Converging (concave) vs. Diverging (convex) Mirrors
A curved mirror can be thought of as consisting of a very large number of small plane mirrors oriented at slightly different angles. The laws of reflection always apply, regardless of the shape or smoothness of the surface.
Ray Diagrams for Converging Mirrors
Ray diagram terminology
Principal Axis
An imaginary line joining the centre of curvature (C) the principal focus (F) and the vertex (V).
Vertex (V)
The geometric centre of a curved curved mirror and the point at which the principal axis intersects the mirror.
Centre of Curvature (C)
The center of any curved reflecting surface.
Radius of Curvature (R)
A line drawn from the centre of curvature to any point on the surface of the mirror and which is also perpendicular to the surface at that point.

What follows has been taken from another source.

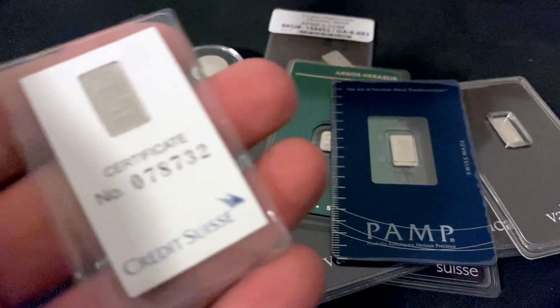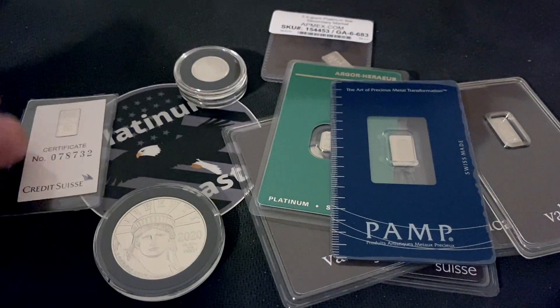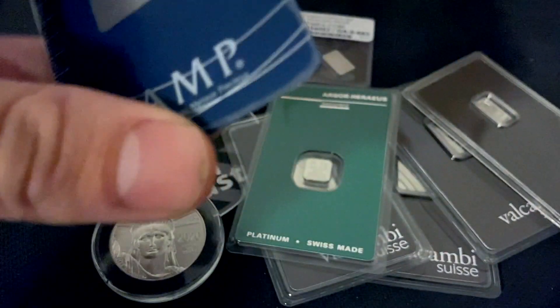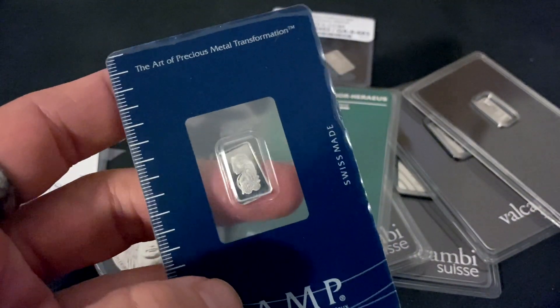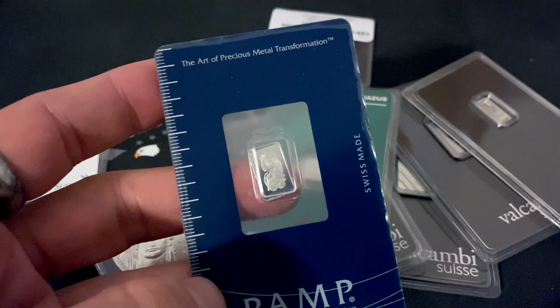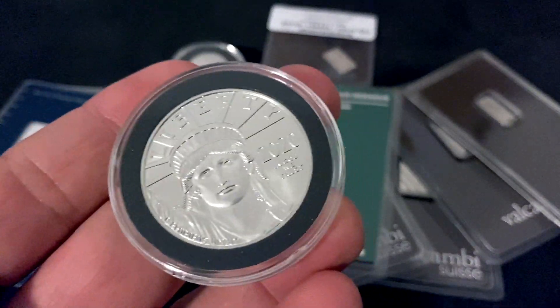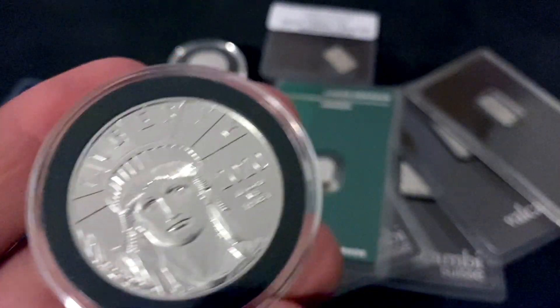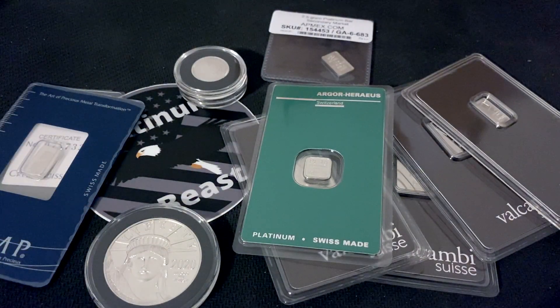This video is specifically about how to stack platinum the most efficient way possible. Another thing to point out with bars: the smaller the bar, the higher the premium; the larger the bar, the lower the premium. The lowest premium platinum in any form is going to be your one-ounce platinum bars. A full ounce of platinum in bar form is going to run you the lowest premium almost always. From big dealers, local coin stores, and similar, one-ounce platinum bars are your absolute bottom-dollar premium when it comes to stacking platinum.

The length of the radius of curvature is equivalent to twice the focal length (R = 2f).
Principal Focus (F)
Rays parallel to and close to the principal axis of a concave mirror will reflect off the mirror such that they will pass through a single point called the principal focus.

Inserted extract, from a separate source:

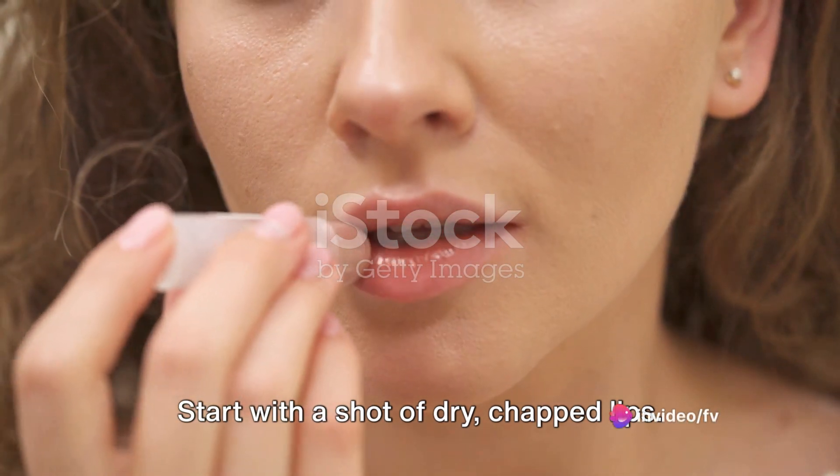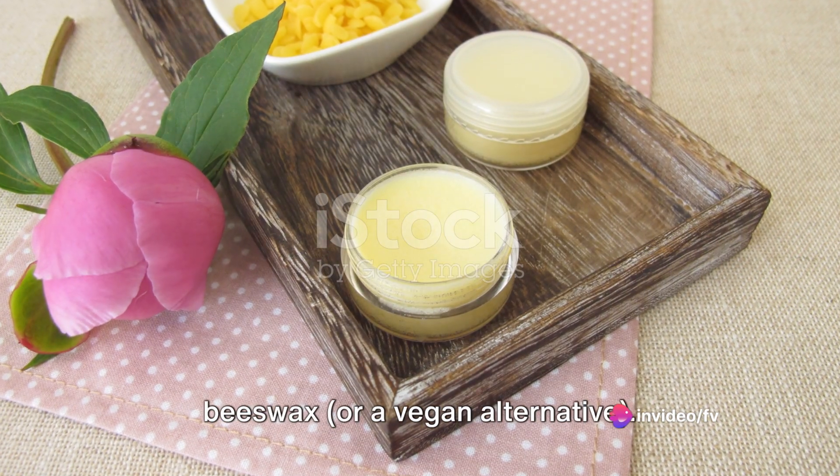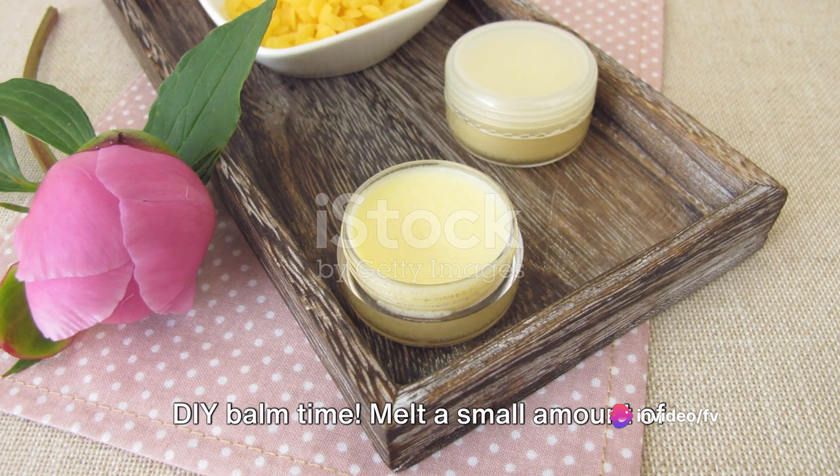Start with a shot of dry, chapped lips — need lip care. Show coconut oil and beeswax, or a vegan alternative. DIY balm time.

Rays parallel to and close to the principal axis of a convex mirror will reflect off the mirror such that they will appear to originate from a single point called the principal focus.
Focal Length (f)
The distance between the Vertex (V) and the Principal Focus (F).
Images formed in a converging mirror
- A light ray passing parallel to the principle axis is reflected back through the focal point.
- A light ray that passes through the focal point is reflected back parallel the principle axis.
- A light ray that passes through the center of curvature reflects back along the same path.
Example of how to complete ray diagrams for converging mirrors:
An object 25 cm is located 2f from the converging mirror. What will the height of the image be?Draw a scaled ray diagram and summarize the image characteristics of each image: position, type (real or virtual), magnification (larger or smaller), attitude (upright or inverted).
Steps:
1) Select a scale to be used (1cm = 5 cm)
2) Draw a scaled diagram of the object in the correct position (arrow, top of the arrow points up)
3) Use at least two of the three special rays to locate the image(where the light rays will cross) Note: The third ray should be used as a check
4) Draw in the image, measure and convert back using the scale.